La Chine n’a décidément de cesse de nous étonner : après Dubaï, c’est maintenant en Chine que s’exporte la vogue de la reproduction in extenso des quartiers ou villes d’Europe, preuve s’il en est besoin que ceux-ci continuent de faire rêver. Un village autrichien (Hallstatt), classé au patrimoine mondial de l’Unesco, va être ainsi entièrement reproduit en Chine. Ni une ni deux, une étrange délégation étudiait centimètre après centimètre le village… jusqu’à ce que le maire s’en rende compte et alerte l’Unesco. Piratage ? Sur le plan légal, la copie de village semblerait autorisée, moyennant l’accord des propriétaires concernés de chaque édifice. C’est là où les choses se corsent. Si les cafés y semblent assez favorables, le cas des édifices liturgiques est lui plus litigieux : le prêtre catholique considère que son église n’est pas qu’une oeuvre d’art, mais aussi un monument à la gloire de Dieu, rejoint par son confère protestant…

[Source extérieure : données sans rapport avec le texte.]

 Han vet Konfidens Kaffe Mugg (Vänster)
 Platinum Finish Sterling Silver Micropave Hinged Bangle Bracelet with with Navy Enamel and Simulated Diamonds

À l’inverse, certains classements sont aussi fort encombrants comme pour la ville de Lions-en-Sullias, dans le Loiret, qui vient de demander la désinscription de son église à l’inventaire des monuments historiques à cause de l’excès de contraintes en matière de permis de construire et de rapports plutôt tendus avec l’architecte des Bâtiments de France. Celuici refusait systématiquement toute nouvelle construction dans le périmètre légal des 500 mètres, lequel englobe… quasiment toute la superficie du village de seulement 400 habitants. La procédure est en cours et s’orientera peut-être vers un « périmètre de protection modifié », plus restreint
Pour son plus grand bonheur, Rodez, chef-lieu de l’Aveyron, est perchée sur un piton rocheux, avec plus de 100 mètres de dénivelé entre les bas quartiers et la ville médiévale. Cette caractéristique pittoresque a malgré tout tendance à démotiver les amoureux de la petite reine. Comment, dès lors, imaginer un système de vélos en libre-service, surtout quand la population vieillit? La municipalité, soucieuse de l’environnement, vient donc de décider d’octroyer une subvention de 200 euros pour l’achat d’une bicyclette à assistance électrique, à retirer des impôts locaux pour tous les résidants (certifiés) de la commune! Qu’on se rassure, les actifs seront aussi concernés, policiers et agents municipaux en premier lieu.
Pourtant, le vélo va peut-être finir par passer de mode. On sait les encombrements impressionnants qu’ils produisent en Hollande, mais c’est maintenant une ville de Chine qui vient de les interdire. Raison? Trop silencieux… C’est donc le cas dans certaines parties du centre-ville de Shenzhen (sud). L’année dernière, en effet, les vélos (électriques) auraient été la cause de la 15% des accidents de la circulation, dont plusieurs dizaines de décès. La mesure est des plus sérieuses: amende de 21 € pour qui circule désormais en vélo, l’objectif étant d’encourager un report vers les transports collectifs. La difficulté prend une ampleur économique quand on sait que les vélos électriques sont par ailleurs l’outil de transport principal pour les entreprises chinoises de livraison express de marchandises aux ménages, livraisons qui verront ainsi leurs coûts augmenter. Il faut dire que pas moins de 500 000 vélos électriques circulent dans cette ville…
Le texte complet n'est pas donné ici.